The war in Ukraine has started taking its toll on the Russian economy as the Central Bank of Russia raised its benchmark policy rate to 20 percent on Monday.
This is the highest interest rate hike in Russia in almost 20 years, from 9.5 percent amid the broadening fallout from the European Union and the US sanctions.
The central bank said the rate hike was designed to offset the increased risk of ruble depreciation and inflation.
It said that external conditions for the Russian economy had drastically changed as Western countries have shown solidarity in retaliation against Moscow's invasion of Ukraine.
“The increase of the key rate will ensure a rise in deposit rates to levels needed to compensate for the increased depreciation and inflation risks,” it said in a statement.
“This is needed to support financial and price stability and protect the savings of citizens from depreciation.

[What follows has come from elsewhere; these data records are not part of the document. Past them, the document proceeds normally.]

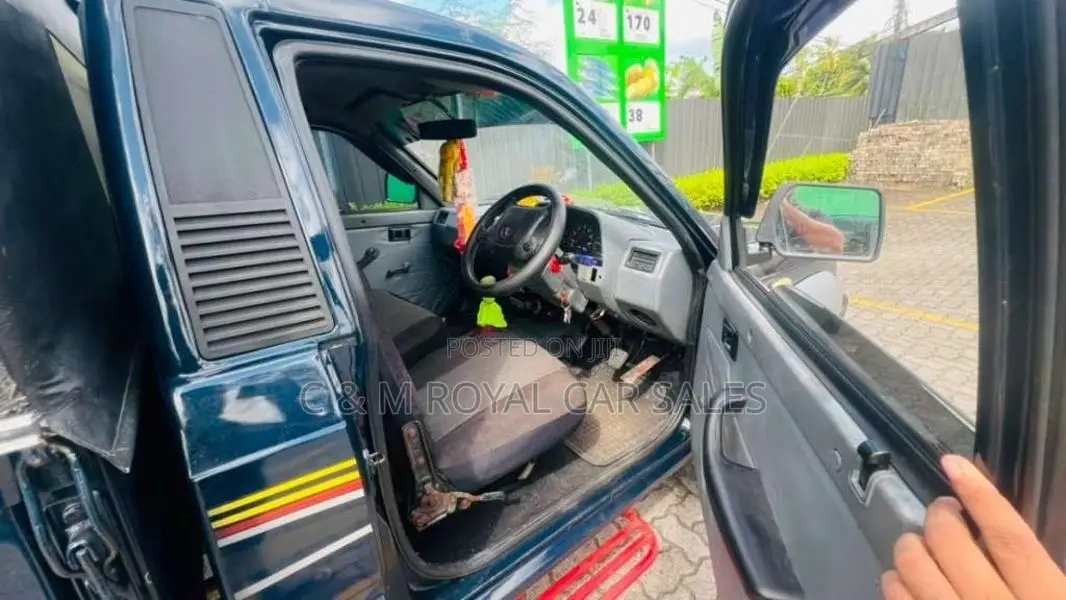 Tata 207 2011 Pickup (Used)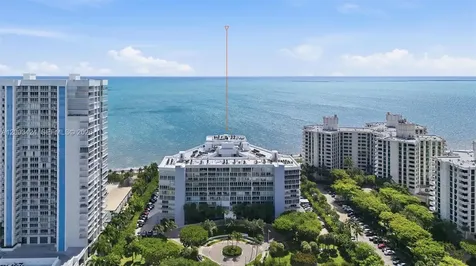 600 Grapetree Drive Key Biscayne FL 33149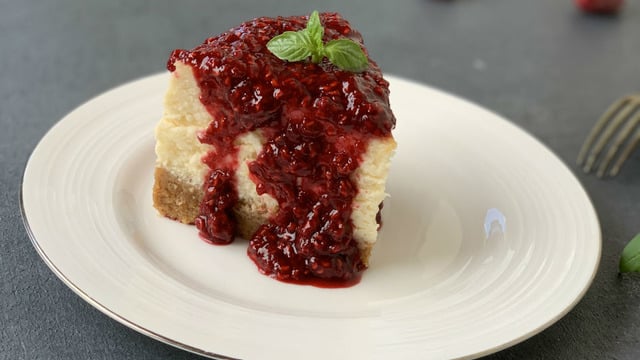 Rüya Gibi: Frambuaz Soslu Cheesecake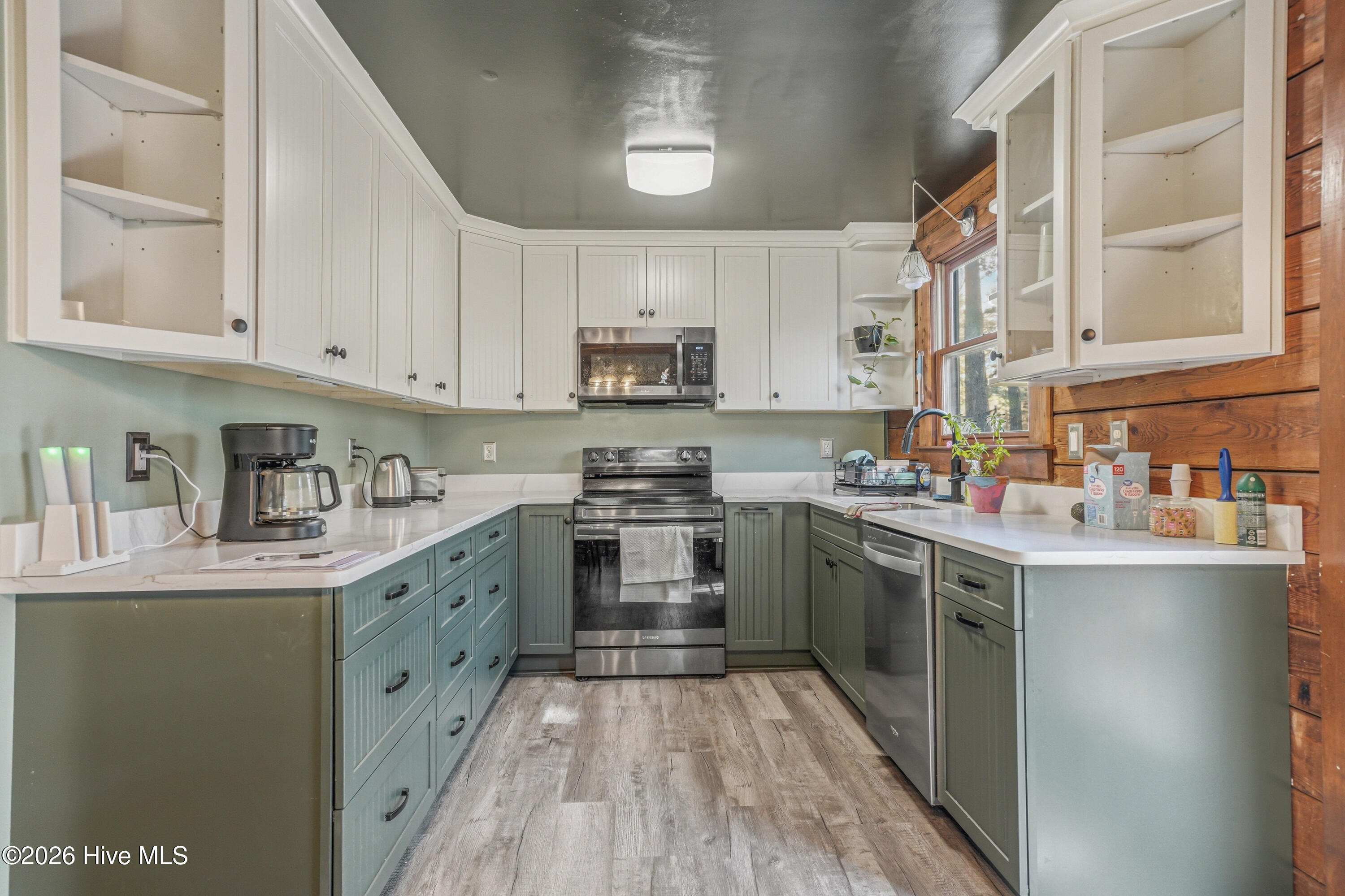 100566654 | Photo 22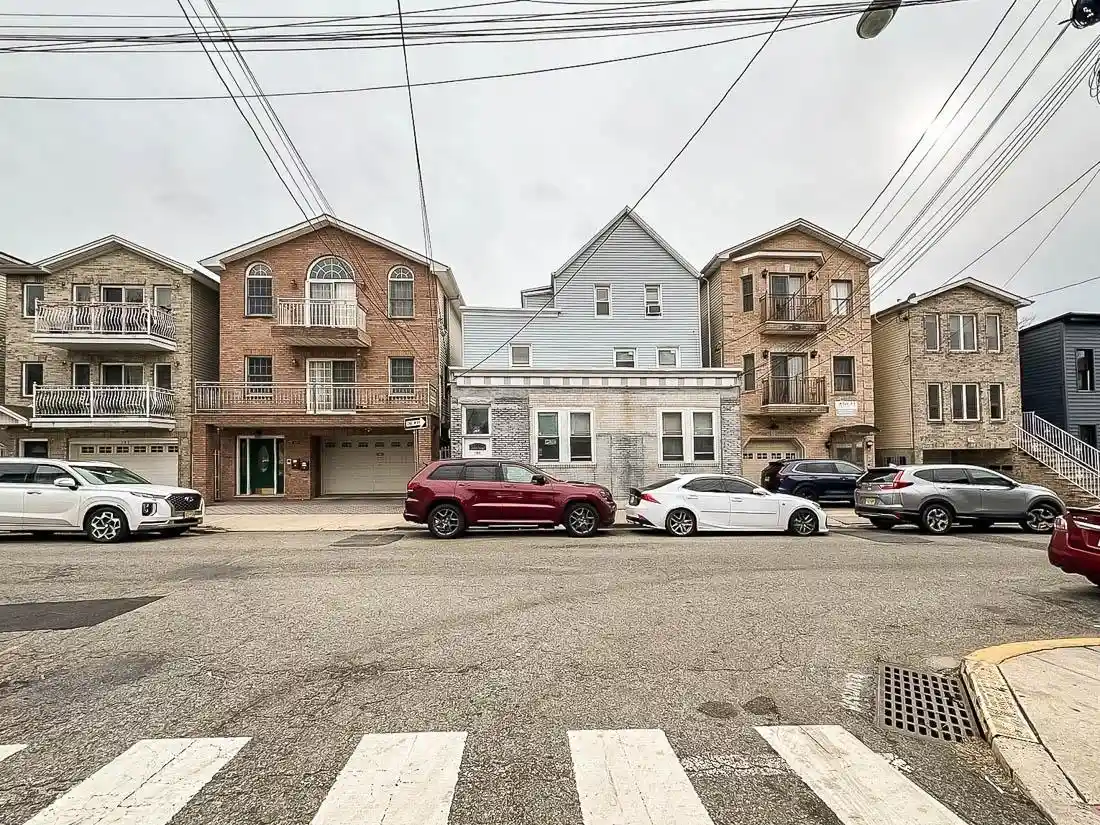 151-south-st-jersey-city-nj-07307/hzid_9b343dd4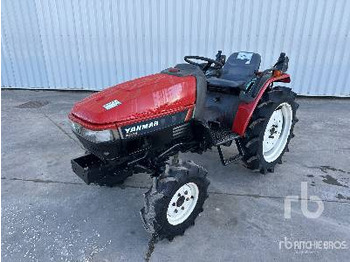 Mini trator YANMAR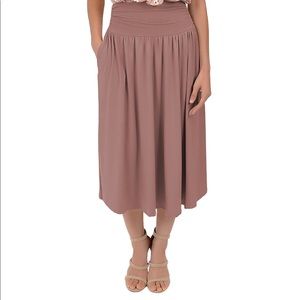 Women’s Plus Size Midi Pocket Skirt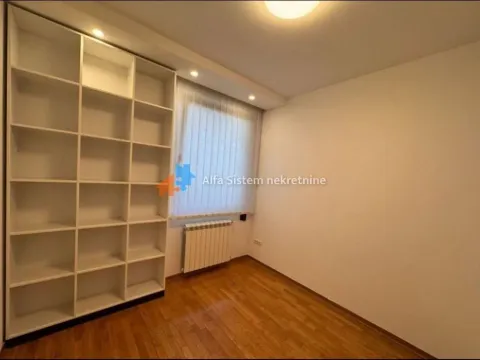 Izdavanje, trosoban stan, 82m², Vračar Sve Podlokacije, Beograd - image 5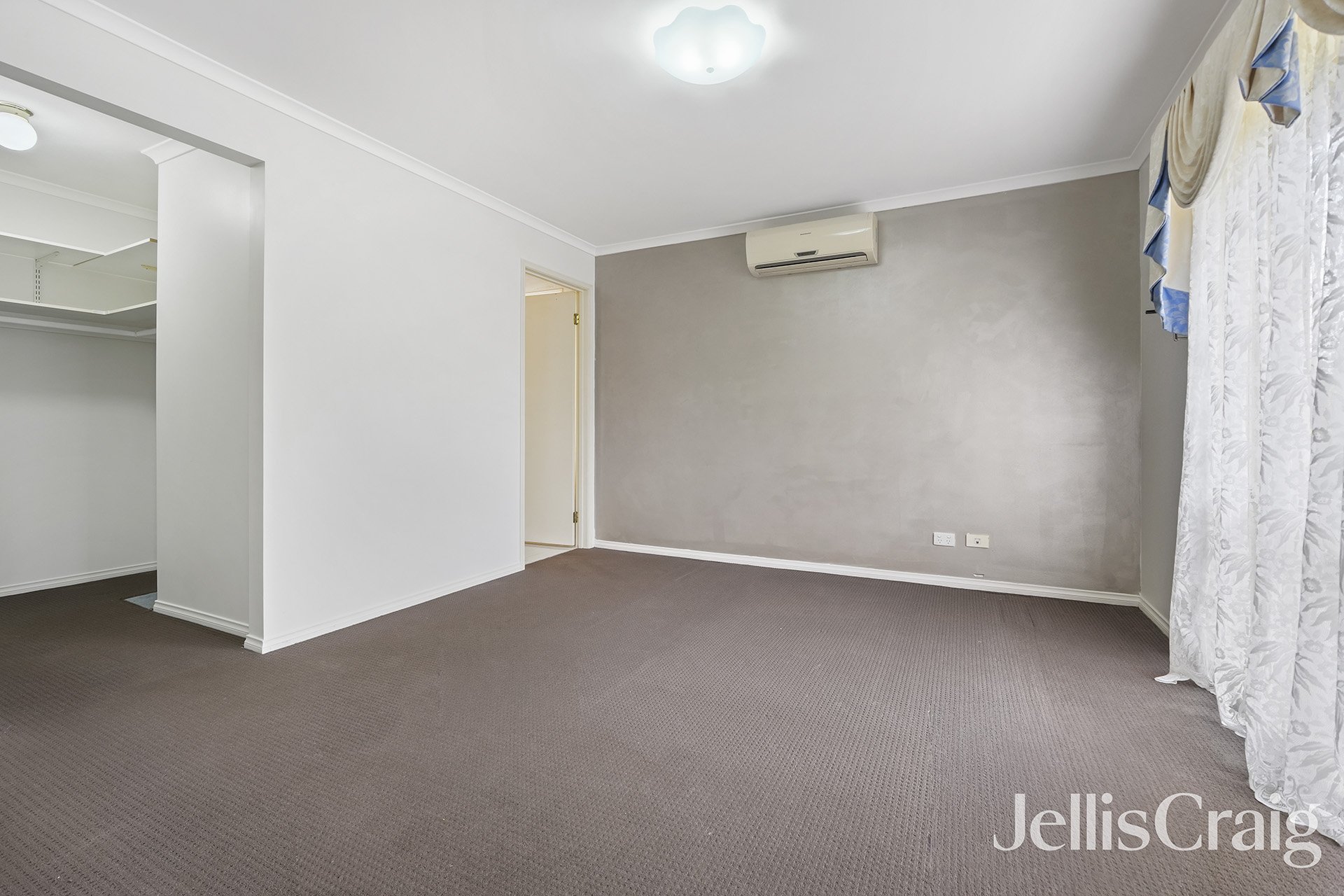 1 Murtoa Place, Cranbourne West image 5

“Further key rate decisions will be made taking into account risks posed by external and domestic conditions and the reaction of financial markets, as well as actual and expected inflation movements relative to the target and economic developments over forecast period.”
The governor of the Bank of Russia will make a statement this afternoon in a follow-up to the Board of Directors meeting.
Meanwhile, the Bank of Russia has temporarily banned brokers from selling Russian government securities at the instruction of non-residents.
Trading sessions in the foreign exchange market, the money market, and the repo market of the Moscow Exchange have been temporarily suspended.
Further, the central bank and the finance ministry ordered companies to sell 80 percent of their foreign currency revenues. The bank also said it would be freeing 733 billion rubles in local bank reserves to boost liquidity.